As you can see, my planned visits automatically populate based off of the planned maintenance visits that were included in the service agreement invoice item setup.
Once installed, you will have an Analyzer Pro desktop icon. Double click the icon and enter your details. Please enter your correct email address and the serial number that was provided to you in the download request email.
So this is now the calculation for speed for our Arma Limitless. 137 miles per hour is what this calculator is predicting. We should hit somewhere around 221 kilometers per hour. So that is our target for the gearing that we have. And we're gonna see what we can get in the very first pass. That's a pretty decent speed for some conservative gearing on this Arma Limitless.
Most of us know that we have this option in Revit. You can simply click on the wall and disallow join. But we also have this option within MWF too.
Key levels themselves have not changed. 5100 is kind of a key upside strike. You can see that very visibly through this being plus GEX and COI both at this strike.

§ **Required work**: Within the entries above, find every line where the string "this" occurs, and copy it.

§ **Expected answer**:
So this is now the calculation for speed for our Arma Limitless. 137 miles per hour is what this calculator is predicting. We should hit somewhere around 221 kilometers per hour. So that is our target for the gearing that we have. And we're gonna see what we can get in the very first pass. That's a pretty decent speed for some conservative gearing on this Arma Limitless.
Most of us know that we have this option in Revit. You can simply click on the wall and disallow join. But we also have this option within MWF too.
Key levels themselves have not changed. 5100 is kind of a key upside strike. You can see that very visibly through this being plus GEX and COI both at this strike.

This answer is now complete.